Gordiano Lupi
Fernando di Leo e il suo cinema
nero e perverso
Profondo Rosso, 2009, pagg. 240, € 25,00
Contributi di:
Fabio Marangoni, Fabio Zanello, As Chianese,
Michele Tosolini.
Contiene una vecchia intervista a Fernando
di Leo realizzata da Lorenzo Letizia.
Sceneggiatore e regista, Fernando di Leo è uno degli autori più interessanti del cinema italiano dagli ani Sessanta in poi. Da Per un pugno di dollari a Milano calibro 9, la sua carriera è una serie di grandi successi che hanno raggiunto l'apice quando Fernando di Leo si è specializzato nel genere noir ispirandosi ai romanzi disperati e violenti di Giorgio Scerbanenco.
«Nei film girati da di Leo c'è sempre un'ironia di fondo, anche nelle pellicole più truci. I miei debiti di passione e cinematografici con questo regista sono tanti» afferma Tarantino.

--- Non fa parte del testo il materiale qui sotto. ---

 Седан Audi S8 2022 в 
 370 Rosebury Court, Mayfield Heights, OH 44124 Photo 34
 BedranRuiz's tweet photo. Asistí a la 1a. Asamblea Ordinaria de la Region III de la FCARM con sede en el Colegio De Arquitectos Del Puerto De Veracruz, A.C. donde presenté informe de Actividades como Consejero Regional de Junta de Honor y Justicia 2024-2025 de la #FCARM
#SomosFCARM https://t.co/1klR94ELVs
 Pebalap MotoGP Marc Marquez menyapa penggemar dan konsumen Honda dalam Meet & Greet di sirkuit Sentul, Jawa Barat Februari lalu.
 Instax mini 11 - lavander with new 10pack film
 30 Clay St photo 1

I suoi film non sono molti, ma tutti si segnalano per il modo originale in cui affrontano tematiche insolite: Rose rosse per il Furher (1968), Brucia ragazzo brucia (1969), Amarsi male (1970), La bestia uccide a sangue freddo (1971), Milano calibro 9 (1972), La mala ordina (1972), Il boss (1973), La seduzione (1973), Il poliziotto è marcio (1974), La città sconvolta: caccia spietata ai rapitori (1975), Colpo in canna (1975), Gli amici di Nick Hezard (1976), I padroni della città (1977), Diamanti sporchi di sangue (1978), Avere vent'anni (1978), Vacanze per un massacro (1980), Razza violenta (1983), L'assassino ha le ore contate (1981) e Killer contro killers (1985).

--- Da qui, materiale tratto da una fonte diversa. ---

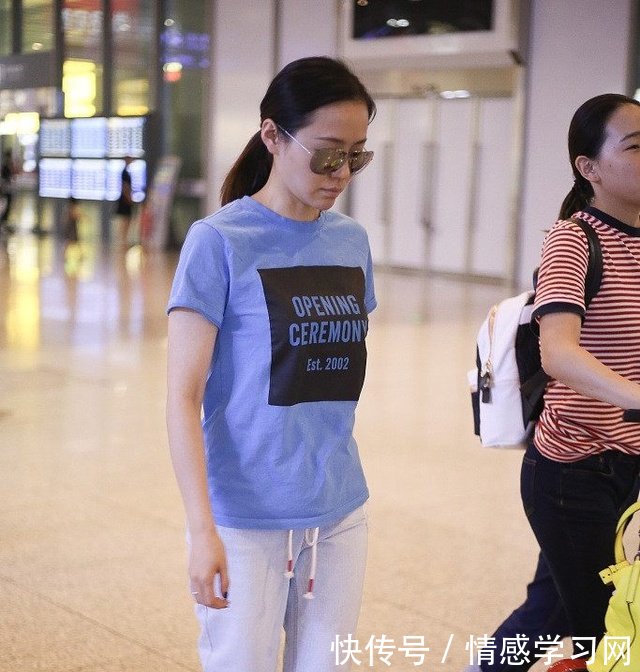 张靓颖素颜现机场，面如土色，还不如路人好看！脚上鞋子也是醉了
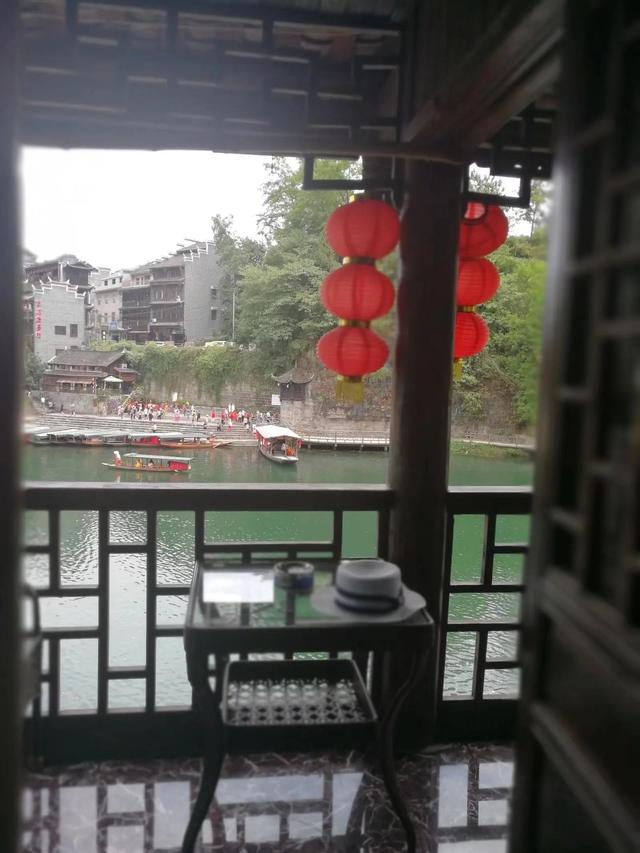 沈從文筆下的邊城，讓人無比放松的安靜所在，我去了兩次念念不忘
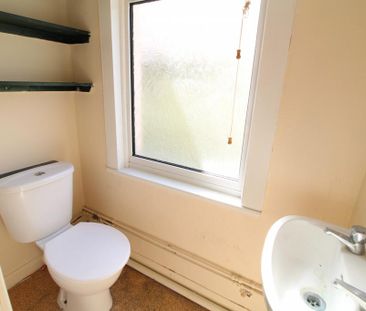 3 bedroom terraced house to rent - Photo 6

Fernando di Leo muore a Roma nel 2003, all'età di 71 anni. Aveva ancora tante idee nel cassetto e molta voglia di tornare alla ribalta, dopo che Quentin Tarantino lo aveva consacrato regista di culto. Se n'è andato troppo presto per potersi godere una legittima rivalsa nei confronti dei critici che lo definivano un modesto autore di film inutili, sadici e violenti. Fernando di Leo era un signor autore e questo libro vuol cercare di portare acqua al mulino della critica più attenta, che dalle colonne di Nocturno Cinema, Amarcord e Cine 70 non ha mai mancato di affermarlo. La storia rende quasi sempre giustizia degli errori di valutazione, soprattutto quando vengono compiuti per pressappochismo e pretenziosità.